**Work item:** Copy only those lines which run from the line containing "Haynes ford escort" to the end of the entries below, both inclusive, exactly as written and with no pictures.
━━ Data for this task
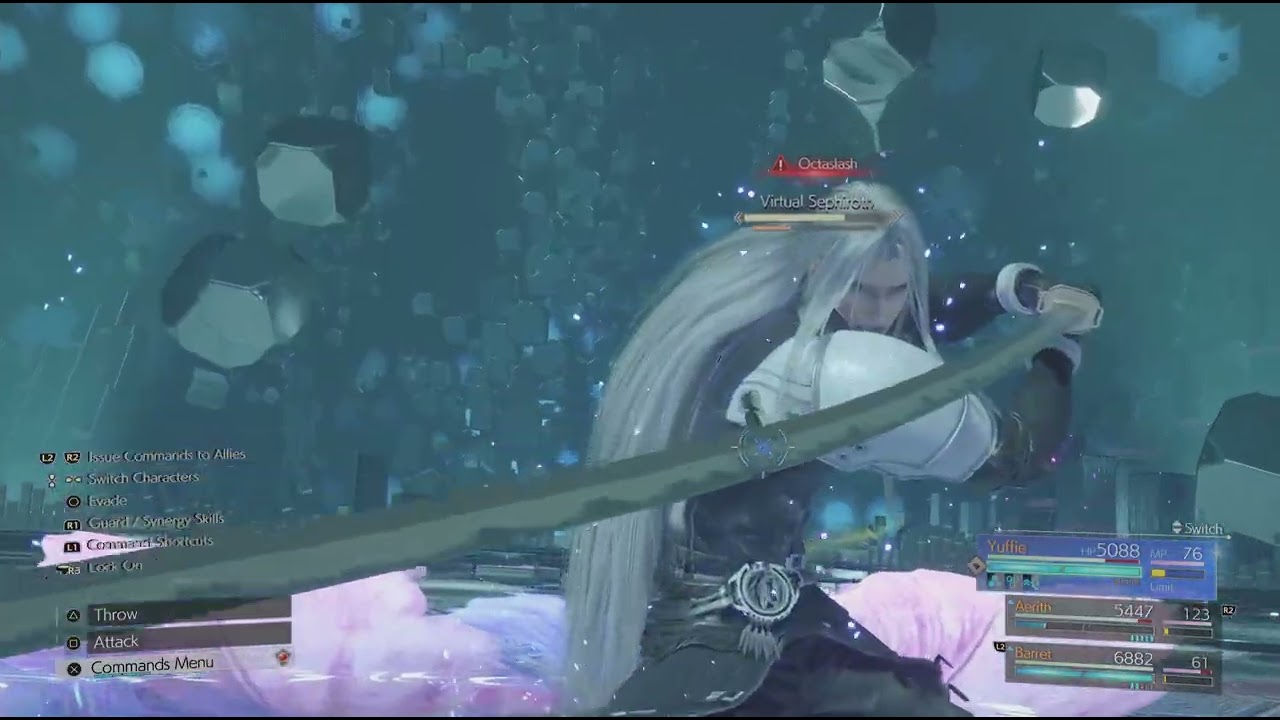 FF7 REBIRTH Virtual Sephiroth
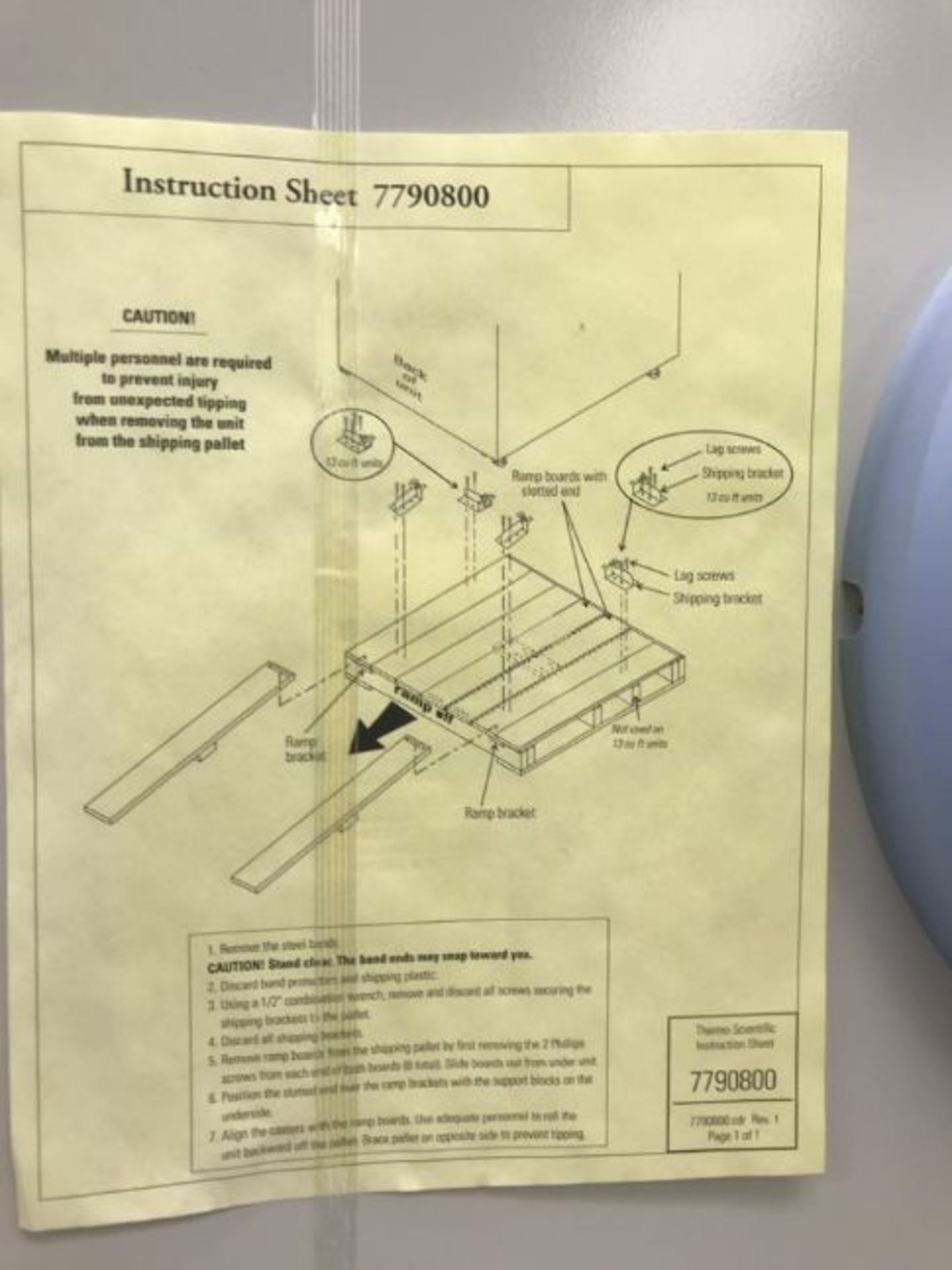 VWR minus 86 C Freezer - Image 5 of 8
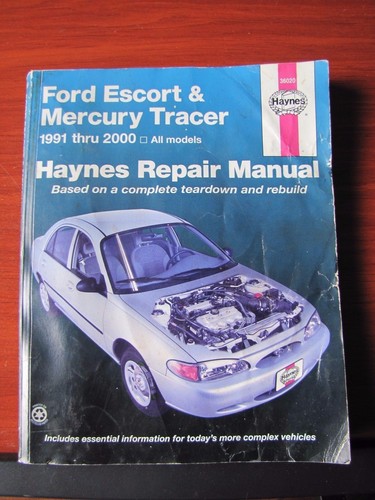 Haynes ford escort and - ford,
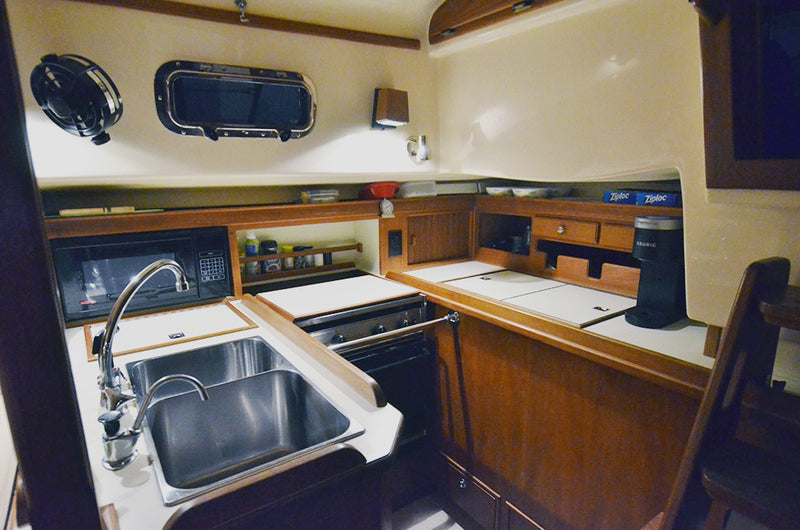 Island Packet 350 Legacy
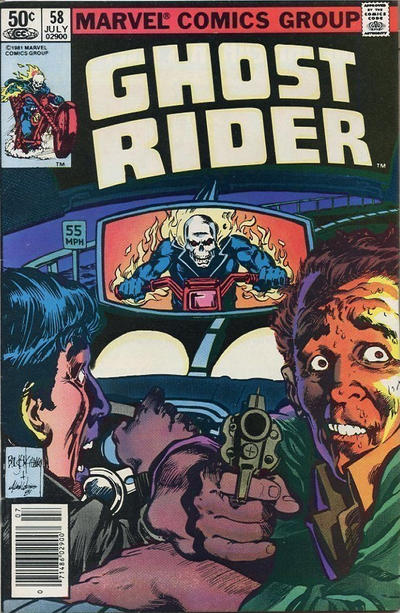 GHOST RIDER (1973) #58 NEWSSTAND EDITION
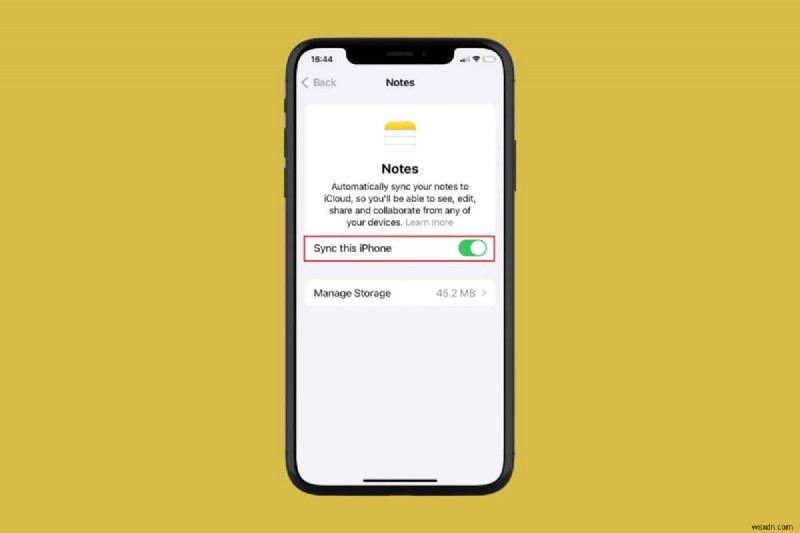 iPhone नोट्स में  सहयोग प्रारंभ करने में असमर्थ  त्रुटि का समाधान करें 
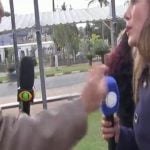 Repórteres da Band e da Record protagonizam bate-boca ao vivo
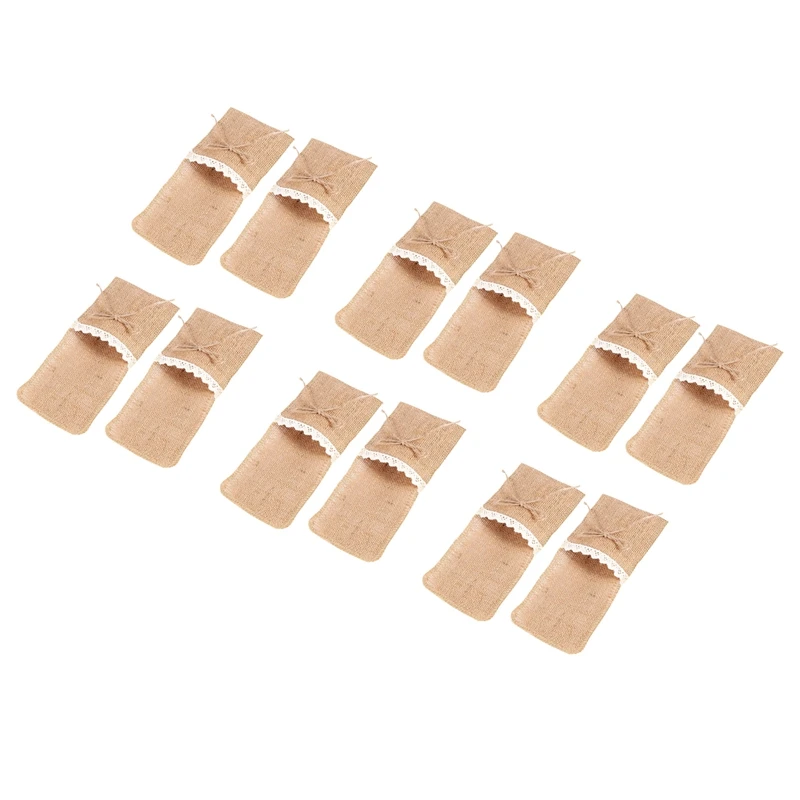 120PCS Country Wedding Table Silverware Holder Natural Burlap Cutlery Pockets Fork Pockets Rustic Wedding Decoration
120PCS Country Wedding Table Silverware Holder Natural Burlap Cutlery Pockets Fork Pockets Rustic Wedding Decoration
━━━━
**Result:**
 Haynes ford escort and - ford,
 Island Packet 350 Legacy
 GHOST RIDER (1973) #58 NEWSSTAND EDITION
 iPhone नोट्स में  सहयोग प्रारंभ करने में असमर्थ  त्रुटि का समाधान करें 
 Repórteres da Band e da Record protagonizam bate-boca ao vivo
 120PCS Country Wedding Table Silverware Holder Natural Burlap Cutlery Pockets Fork Pockets Rustic Wedding Decoration
120PCS Country Wedding Table Silverware Holder Natural Burlap Cutlery Pockets Fork Pockets Rustic Wedding Decoration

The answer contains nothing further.